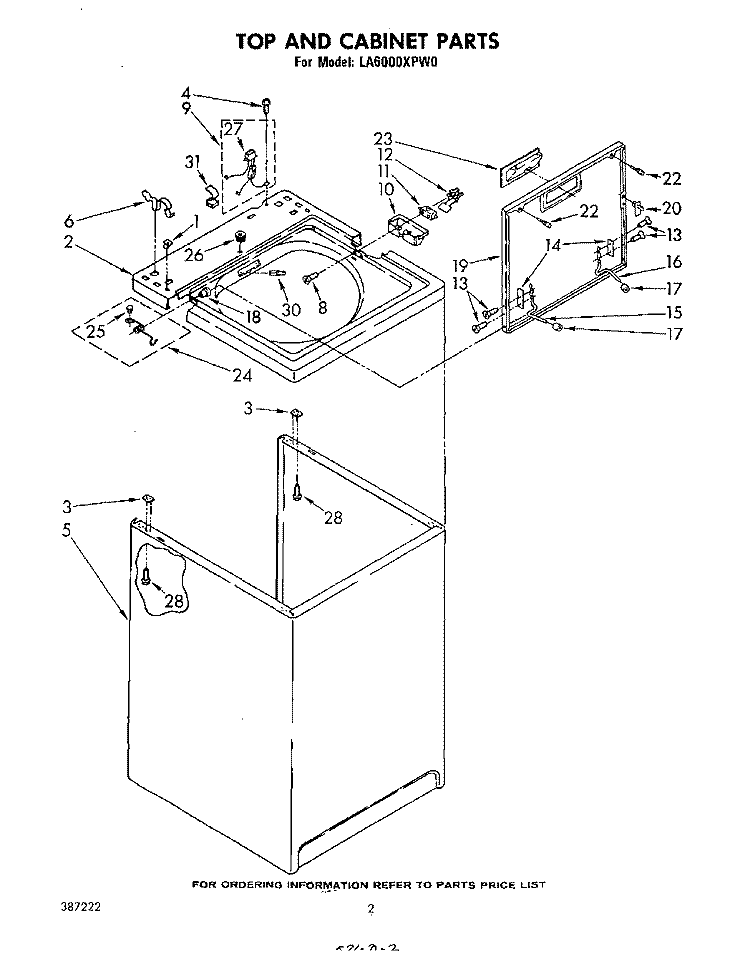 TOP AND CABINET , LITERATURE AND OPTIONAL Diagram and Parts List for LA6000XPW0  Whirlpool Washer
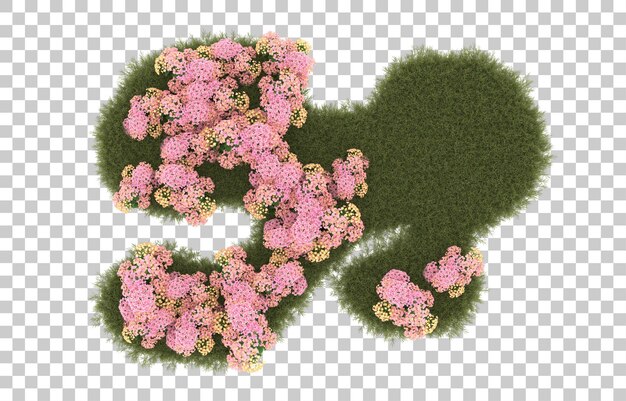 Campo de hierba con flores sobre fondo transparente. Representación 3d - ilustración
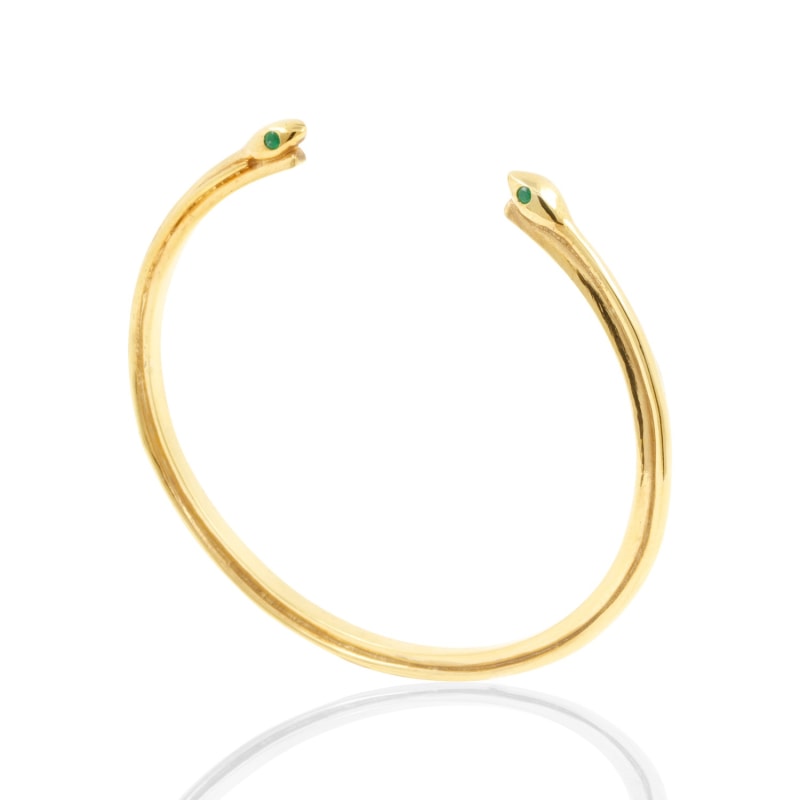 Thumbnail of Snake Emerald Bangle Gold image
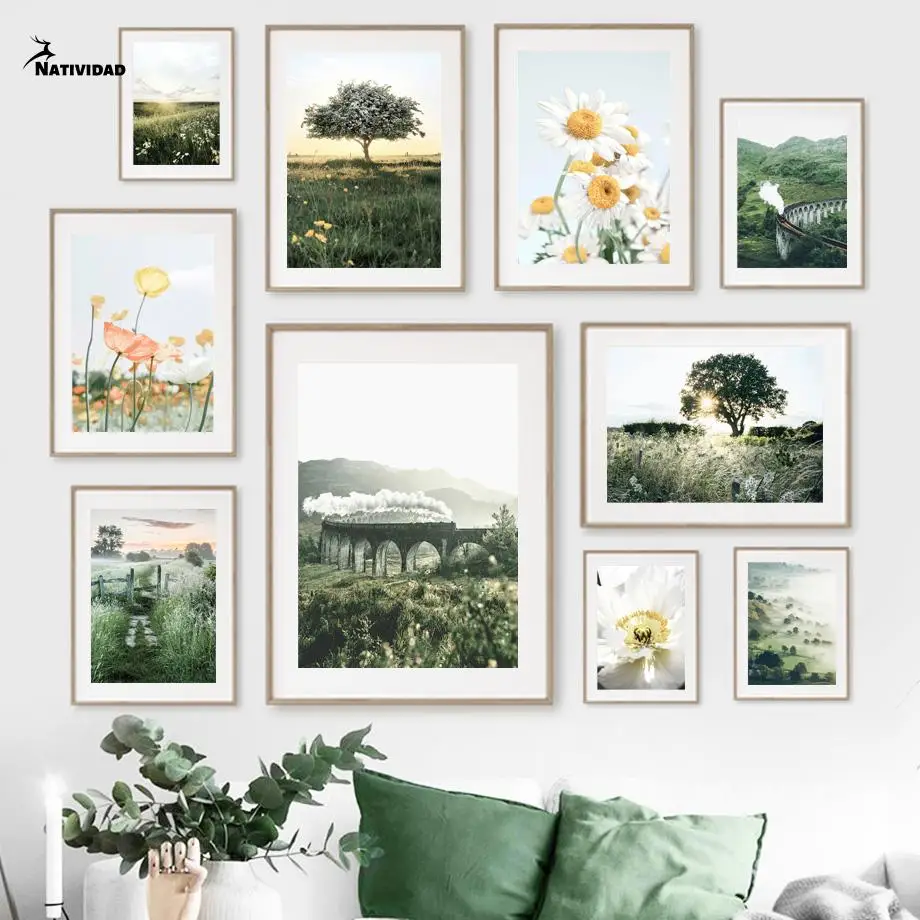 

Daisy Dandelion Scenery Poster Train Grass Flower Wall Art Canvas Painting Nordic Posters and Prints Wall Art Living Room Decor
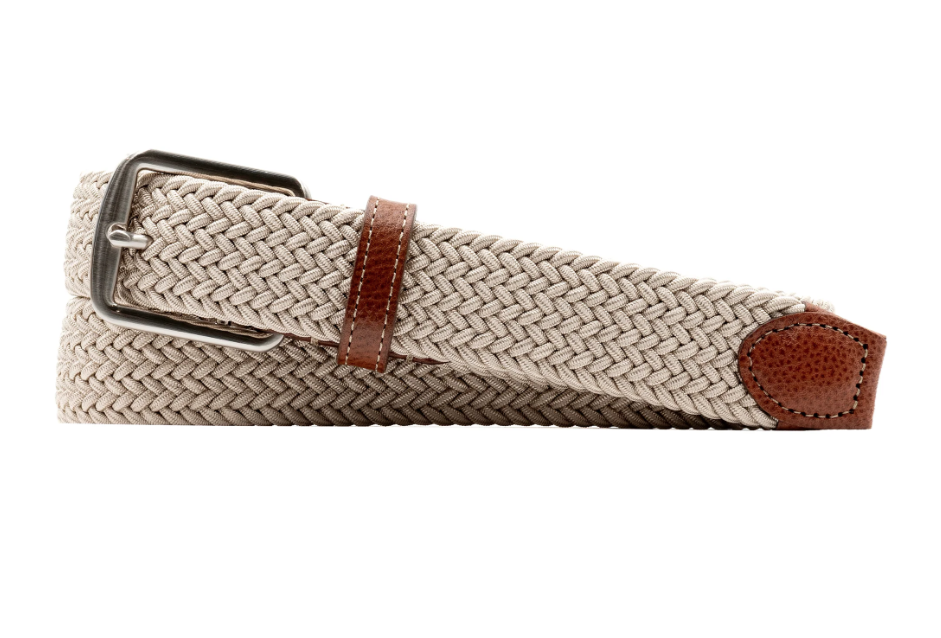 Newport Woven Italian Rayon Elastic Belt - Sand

= = = = =

TASK STATEMENT :: The result should be an exact copy of the material, containing no pictures.

SOLVED PROBLEM ::
 TOP AND CABINET , LITERATURE AND OPTIONAL Diagram and Parts List for LA6000XPW0  Whirlpool Washer
 Campo de hierba con flores sobre fondo transparente. Representación 3d - ilustración
 Thumbnail of Snake Emerald Bangle Gold image

Daisy Dandelion Scenery Poster Train Grass Flower Wall Art Canvas Painting Nordic Posters and Prints Wall Art Living Room Decor
 Newport Woven Italian Rayon Elastic Belt - Sand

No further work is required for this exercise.